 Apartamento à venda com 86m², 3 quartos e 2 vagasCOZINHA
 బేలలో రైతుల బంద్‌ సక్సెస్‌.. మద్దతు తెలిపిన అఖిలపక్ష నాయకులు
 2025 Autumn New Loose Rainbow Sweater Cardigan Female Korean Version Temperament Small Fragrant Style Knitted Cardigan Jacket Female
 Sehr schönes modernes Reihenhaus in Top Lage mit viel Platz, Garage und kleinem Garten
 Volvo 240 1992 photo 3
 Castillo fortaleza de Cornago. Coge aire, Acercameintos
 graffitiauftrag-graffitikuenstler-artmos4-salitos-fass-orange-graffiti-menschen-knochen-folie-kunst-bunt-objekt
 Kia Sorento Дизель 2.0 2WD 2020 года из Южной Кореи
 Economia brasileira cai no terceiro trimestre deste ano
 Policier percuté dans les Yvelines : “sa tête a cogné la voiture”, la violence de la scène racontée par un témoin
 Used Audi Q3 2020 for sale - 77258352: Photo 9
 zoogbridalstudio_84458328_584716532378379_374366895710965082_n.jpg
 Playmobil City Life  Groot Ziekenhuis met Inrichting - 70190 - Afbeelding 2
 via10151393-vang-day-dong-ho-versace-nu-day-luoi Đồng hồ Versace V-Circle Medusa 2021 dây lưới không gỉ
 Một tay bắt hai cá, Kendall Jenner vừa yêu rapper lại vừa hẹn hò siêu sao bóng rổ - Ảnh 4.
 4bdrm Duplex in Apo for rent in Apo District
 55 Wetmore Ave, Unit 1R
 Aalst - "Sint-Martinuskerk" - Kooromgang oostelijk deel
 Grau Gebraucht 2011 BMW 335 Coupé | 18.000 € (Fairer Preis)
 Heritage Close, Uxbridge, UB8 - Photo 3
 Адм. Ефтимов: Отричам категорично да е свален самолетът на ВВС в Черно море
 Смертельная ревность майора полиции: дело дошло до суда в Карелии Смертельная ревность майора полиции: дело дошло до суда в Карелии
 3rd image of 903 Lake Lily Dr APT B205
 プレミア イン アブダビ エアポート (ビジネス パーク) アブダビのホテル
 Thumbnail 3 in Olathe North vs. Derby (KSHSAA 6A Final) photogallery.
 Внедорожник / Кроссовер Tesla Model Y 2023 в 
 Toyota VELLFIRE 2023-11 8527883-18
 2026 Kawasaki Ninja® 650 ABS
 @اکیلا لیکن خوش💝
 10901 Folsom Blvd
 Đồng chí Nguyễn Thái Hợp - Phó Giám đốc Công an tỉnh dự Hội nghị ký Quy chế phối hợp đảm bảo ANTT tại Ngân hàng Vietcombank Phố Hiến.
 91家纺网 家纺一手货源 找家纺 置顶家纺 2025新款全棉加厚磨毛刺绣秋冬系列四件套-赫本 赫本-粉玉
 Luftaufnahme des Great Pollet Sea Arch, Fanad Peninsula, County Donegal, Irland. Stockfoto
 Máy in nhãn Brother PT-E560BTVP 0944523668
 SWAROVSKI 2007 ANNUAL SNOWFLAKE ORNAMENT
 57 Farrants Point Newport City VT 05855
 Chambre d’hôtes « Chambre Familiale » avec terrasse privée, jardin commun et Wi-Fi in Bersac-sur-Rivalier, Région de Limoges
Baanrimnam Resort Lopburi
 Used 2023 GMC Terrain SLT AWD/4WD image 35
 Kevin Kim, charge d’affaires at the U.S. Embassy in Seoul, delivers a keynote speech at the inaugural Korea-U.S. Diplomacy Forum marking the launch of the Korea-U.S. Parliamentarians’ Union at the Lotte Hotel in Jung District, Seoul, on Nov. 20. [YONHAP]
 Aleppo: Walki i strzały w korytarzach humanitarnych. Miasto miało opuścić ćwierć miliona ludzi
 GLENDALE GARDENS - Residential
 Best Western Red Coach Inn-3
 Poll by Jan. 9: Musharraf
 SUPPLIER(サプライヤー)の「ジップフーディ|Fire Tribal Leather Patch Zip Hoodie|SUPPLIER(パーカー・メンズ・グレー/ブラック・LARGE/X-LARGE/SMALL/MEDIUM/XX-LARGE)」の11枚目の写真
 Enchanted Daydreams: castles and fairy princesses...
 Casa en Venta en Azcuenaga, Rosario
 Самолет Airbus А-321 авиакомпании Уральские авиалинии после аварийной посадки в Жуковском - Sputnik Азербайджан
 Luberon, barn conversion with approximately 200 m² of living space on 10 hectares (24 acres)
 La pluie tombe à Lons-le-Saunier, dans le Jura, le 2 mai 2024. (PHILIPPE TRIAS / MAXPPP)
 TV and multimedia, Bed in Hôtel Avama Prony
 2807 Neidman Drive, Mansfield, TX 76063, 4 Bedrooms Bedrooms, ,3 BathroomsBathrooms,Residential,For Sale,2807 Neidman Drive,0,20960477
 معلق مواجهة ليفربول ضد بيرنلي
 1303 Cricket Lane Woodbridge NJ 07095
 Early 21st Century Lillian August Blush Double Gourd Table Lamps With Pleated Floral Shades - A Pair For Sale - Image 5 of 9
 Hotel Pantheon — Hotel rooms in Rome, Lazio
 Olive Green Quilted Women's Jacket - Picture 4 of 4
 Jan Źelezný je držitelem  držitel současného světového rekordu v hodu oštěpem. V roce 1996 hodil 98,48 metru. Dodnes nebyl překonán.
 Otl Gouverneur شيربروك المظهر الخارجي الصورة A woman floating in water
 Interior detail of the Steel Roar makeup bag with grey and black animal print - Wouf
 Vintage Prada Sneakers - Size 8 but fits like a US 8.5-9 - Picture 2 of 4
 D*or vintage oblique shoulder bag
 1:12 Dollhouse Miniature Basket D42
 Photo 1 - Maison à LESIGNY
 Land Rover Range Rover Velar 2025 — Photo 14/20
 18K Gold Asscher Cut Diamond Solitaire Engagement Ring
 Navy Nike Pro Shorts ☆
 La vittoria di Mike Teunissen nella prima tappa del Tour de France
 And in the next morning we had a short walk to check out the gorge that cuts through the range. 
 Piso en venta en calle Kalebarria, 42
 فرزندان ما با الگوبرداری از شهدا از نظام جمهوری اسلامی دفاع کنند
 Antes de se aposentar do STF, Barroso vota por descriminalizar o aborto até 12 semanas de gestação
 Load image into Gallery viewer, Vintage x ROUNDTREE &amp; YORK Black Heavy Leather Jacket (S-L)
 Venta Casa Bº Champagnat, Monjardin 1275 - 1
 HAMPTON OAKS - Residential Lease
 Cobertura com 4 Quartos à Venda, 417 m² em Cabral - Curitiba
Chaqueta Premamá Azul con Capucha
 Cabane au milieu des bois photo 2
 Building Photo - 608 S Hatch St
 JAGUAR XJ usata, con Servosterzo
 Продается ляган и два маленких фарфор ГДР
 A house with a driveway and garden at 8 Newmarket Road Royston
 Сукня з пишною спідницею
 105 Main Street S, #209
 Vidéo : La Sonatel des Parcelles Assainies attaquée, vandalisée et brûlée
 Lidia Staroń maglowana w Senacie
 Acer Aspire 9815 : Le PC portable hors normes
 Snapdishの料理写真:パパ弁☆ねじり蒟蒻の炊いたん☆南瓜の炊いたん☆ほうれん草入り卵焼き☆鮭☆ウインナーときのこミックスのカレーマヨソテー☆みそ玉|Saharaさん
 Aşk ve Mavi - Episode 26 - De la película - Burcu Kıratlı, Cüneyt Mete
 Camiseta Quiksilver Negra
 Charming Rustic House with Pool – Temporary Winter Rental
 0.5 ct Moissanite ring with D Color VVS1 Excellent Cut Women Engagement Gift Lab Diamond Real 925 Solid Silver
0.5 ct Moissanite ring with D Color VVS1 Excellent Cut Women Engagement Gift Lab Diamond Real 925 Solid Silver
########################################
» **What is being asked**: Take the first line of the material above as the start and the line that contains "Một tay bắt" as the end. Output only that span, every line exactly as it stands.

» **Your solution**:
 Apartamento à venda com 86m², 3 quartos e 2 vagasCOZINHA
 బేలలో రైతుల బంద్‌ సక్సెస్‌.. మద్దతు తెలిపిన అఖిలపక్ష నాయకులు
 2025 Autumn New Loose Rainbow Sweater Cardigan Female Korean Version Temperament Small Fragrant Style Knitted Cardigan Jacket Female
 Sehr schönes modernes Reihenhaus in Top Lage mit viel Platz, Garage und kleinem Garten
 Volvo 240 1992 photo 3
 Castillo fortaleza de Cornago. Coge aire, Acercameintos
 graffitiauftrag-graffitikuenstler-artmos4-salitos-fass-orange-graffiti-menschen-knochen-folie-kunst-bunt-objekt
 Kia Sorento Дизель 2.0 2WD 2020 года из Южной Кореи
 Economia brasileira cai no terceiro trimestre deste ano
 Policier percuté dans les Yvelines : “sa tête a cogné la voiture”, la violence de la scène racontée par un témoin
 Used Audi Q3 2020 for sale - 77258352: Photo 9
 zoogbridalstudio_84458328_584716532378379_374366895710965082_n.jpg
 Playmobil City Life  Groot Ziekenhuis met Inrichting - 70190 - Afbeelding 2
 via10151393-vang-day-dong-ho-versace-nu-day-luoi Đồng hồ Versace V-Circle Medusa 2021 dây lưới không gỉ
 Một tay bắt hai cá, Kendall Jenner vừa yêu rapper lại vừa hẹn hò siêu sao bóng rổ - Ảnh 4.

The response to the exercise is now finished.